[Data Boundary: Start]

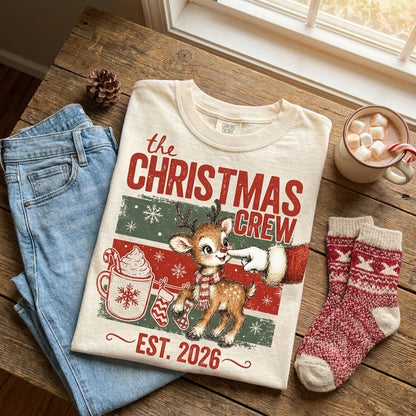 Christmas Reindeer Shirt, Vintage Christmas Crew T Shirt, Retro Holiday Shirt, Cute Christmas Tee, Christmas Gift for Women, Xmas Shirt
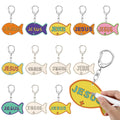 Yuntau 24 Pcs DIY Jesus Fish Keychain Craft Kit - Wooden Religious Sunday School Activity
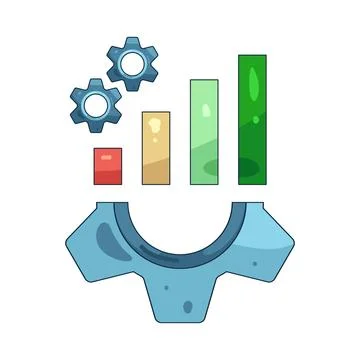 Illustration of gear with a bar chart Stock Illustration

[Data Boundary: End]

• **Problem statement**
Please copy the lines above exactly as written, apart from any pictures.

• **Output**
 Christmas Reindeer Shirt, Vintage Christmas Crew T Shirt, Retro Holiday Shirt, Cute Christmas Tee, Christmas Gift for Women, Xmas Shirt
 Yuntau 24 Pcs DIY Jesus Fish Keychain Craft Kit - Wooden Religious Sunday School Activity
 Illustration of gear with a bar chart Stock Illustration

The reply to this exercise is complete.